Nâzım Hikmet’in şiirinden yola çıkarak İsviçre Dağları’nın mezar olduğu bir çocuğa, adını o çocuktan alan bir dergiye, o dergide çalışan bir ressamın çektiği ayakkabı boya sandıklarının fotoğraflarına ve oradan da hayat ağacına geldik!.. Bir satranç oyuncusu gibi bilgiyle yaptığımız bu hamleleri, satranç bilmedikleri için yazılarında ve sunumlarında dama oyuncusu olarak kalanlar varsın kıskana dursunlar, biz şuracığa Nâzım Hikmet’in “Vasiyet” adlı şiirinde Anadolu’da bir köy mezarlığında, bir çınar ağacı altında (taş maş da istemez hani!) yatmak isteğinin de bu arketip ışığında düşünülmesi gerektiğini yazalım.
Lewis Carroll, çektiği bir fotoğraftaki kız çocuğunun bakışlarından etkilenerek bir roman yazmış ve kitaba da o çocuğun adını vermiştir: “Alice Harikalar Diyarında”… Yıldız Cıbıroğlu da, İstanbul’da çektiği boya sandıklarının üstündeki resimlere bakarak, hayat ağacına kadar uzanan bir kitap kaleme alır.
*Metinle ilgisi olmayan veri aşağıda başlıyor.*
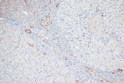 Immunohistochemistry analysis of paraffin-embedded Rat ovary using Phospho-MYL9-T18/S19 Rabbit pAb (STJ11101086) at dilution of 1:100 (20x lens). Microwave antigen retrieval performed with 0. 01M Tris/EDTA Buffer (pH 9. 0) prior to immunohistochemistry staining.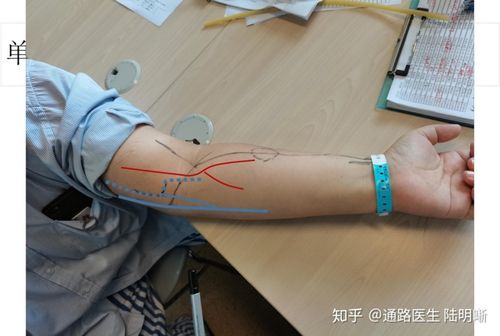 肱静脉走行变异&"孤独"的肱动脉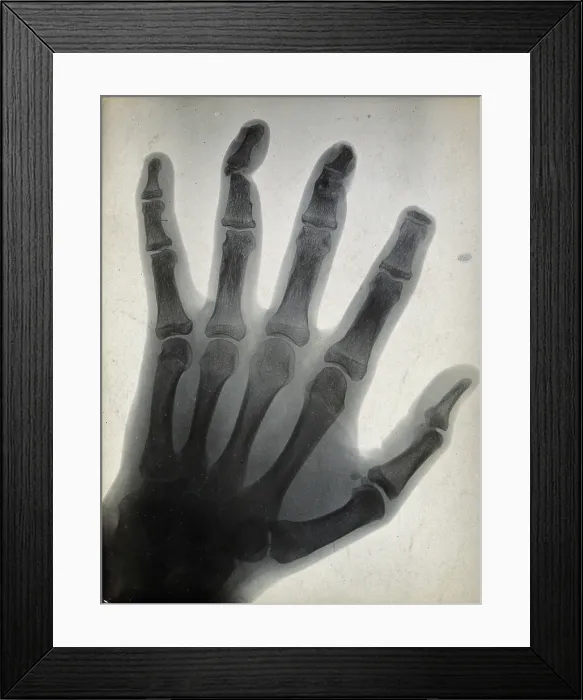 Framed Print : The bones of a hand, with the tip of the index finger missing, viewed through x-ray, 1896 Framed Print : The bones of a hand, with the tip of the index finger missing, viewed through x-ray, 1896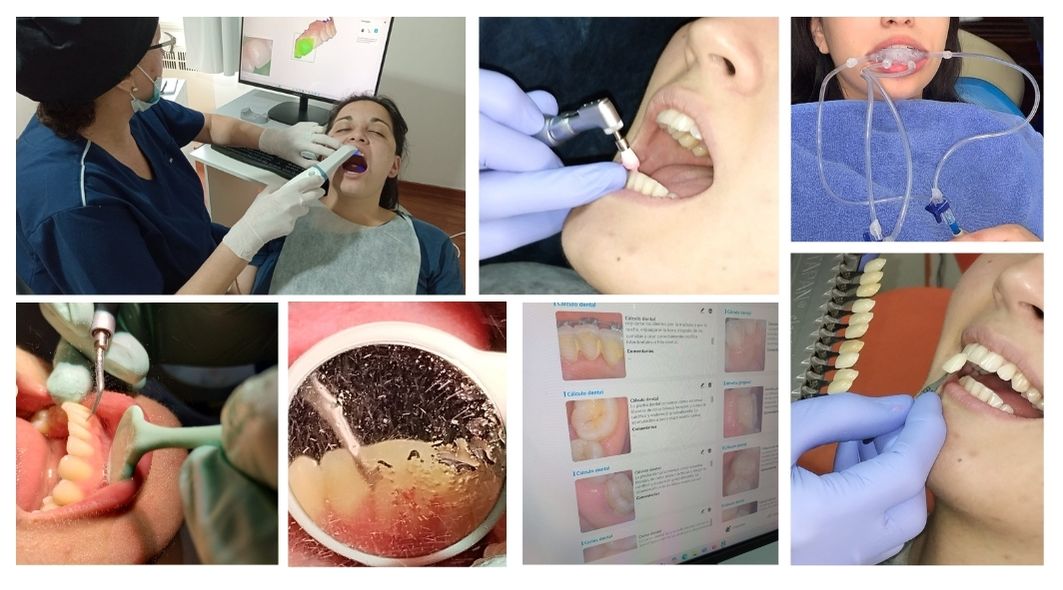 Higiene bucodental profecional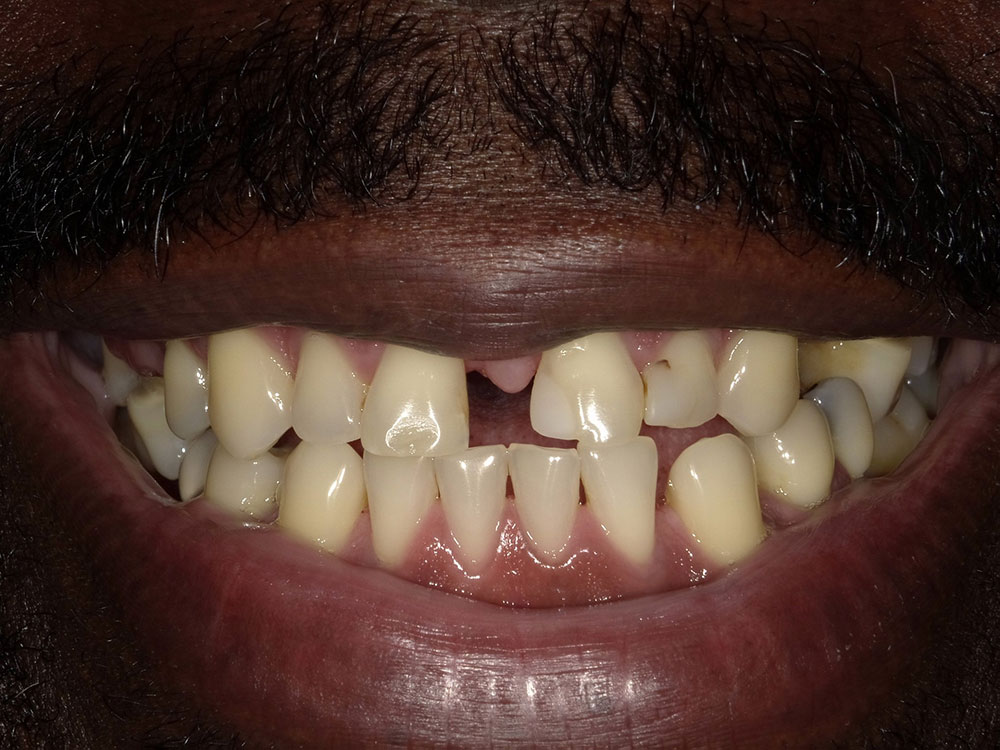 X0966538 Global Dental Solutions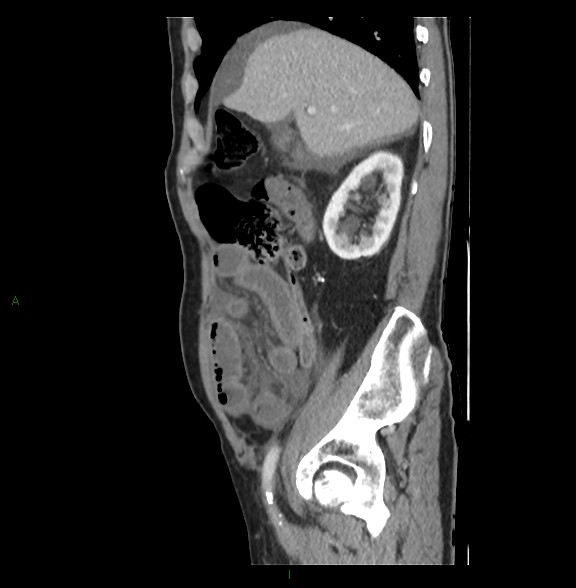 Closed loop small bowel obstruction with ischemia (Radiopaedia 84180-99456 C 28).jpg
Carroll’ın romanının başlangıcını anımsayalım, Alice’in arkasından koştuğu tavşan neyin içine girer?.. Bir ağaç kovuğunun!.. Alice, harikalar diyarına adımını nereden atar?.. O ağaç kovuğundan!.. Victor Hugo ne demişti: “Ey şair, bana yağmurdan bahsetme, yağdır”…
İşte size görmesini bilenler için bir arketip daha!